The molecular mechanisms underlying effects of PHB2 in promoting cell migration have not been fully elucidated. Shen, et al. [12] reported that AKT (also known as protein kinase B) serine/threonine kinase 2 (AKT2) interacts with PHB2 in prostate cancer (PC) cell migration (PC3 and DU145). Combined overexpression of PHB2 and AKT2 inhibited the migration of both PC cell lines, suggesting that AKT2 overexpression abolished PHB2-induced migration [12]. We previously investigated the molecular pathophysiological mechanisms of PHB in AML and found that PHB expression increased on inhibiting the mitogen-activated protein kinase pathway but decreased on activating the epidermal growth factor [13]. Although cell proliferation signals downregulated the transcription of PHB, treatment with lithium chloride, an analog of Wnt signal, induced PHB expression in various cell types. Thus, we concluded that increased PHB expression in leukemia is regulated by Wnt signaling [13].
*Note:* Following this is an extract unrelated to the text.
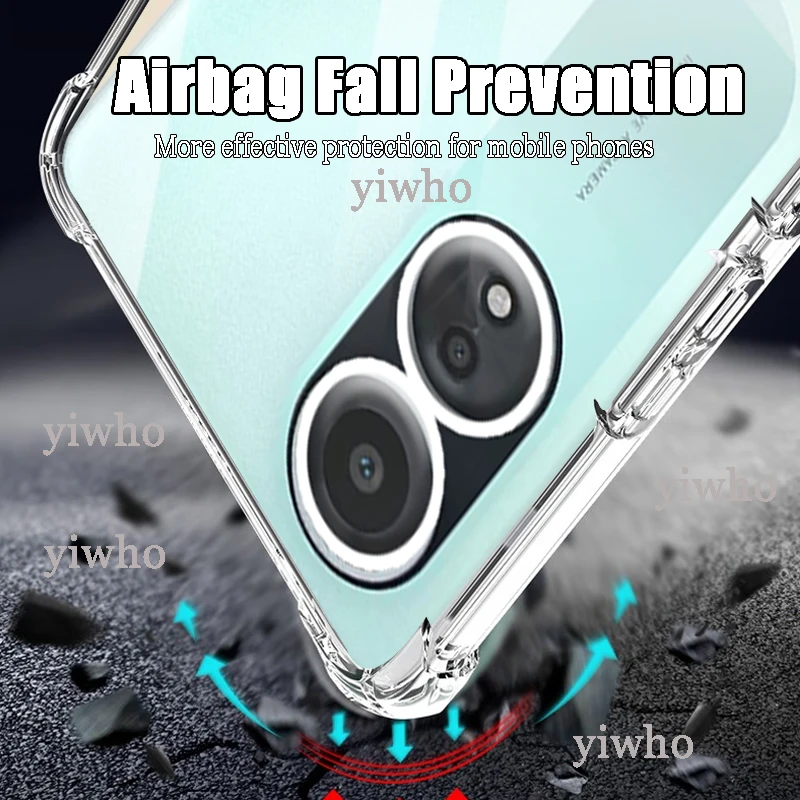 Shockproof Clear Case for Oppo A58 4G 6.72\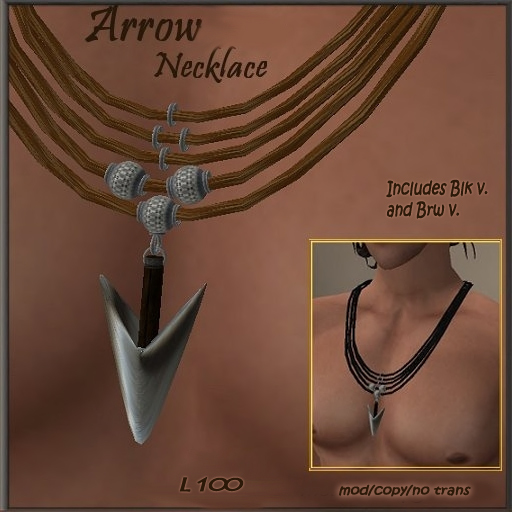 Necklace Arrow T.E.D./2 col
In conclusion, PHB2 protein overexpression was associated with inferior OS in CN-AML patients. Assessing PHB2 protein expression in CN-AML using IHCS is a feasible approach to predicting disease activity and prognosis and may provide clinically useful information for the diagnosis, prognosis, and detection of minimal residual disease in CN-AML patients.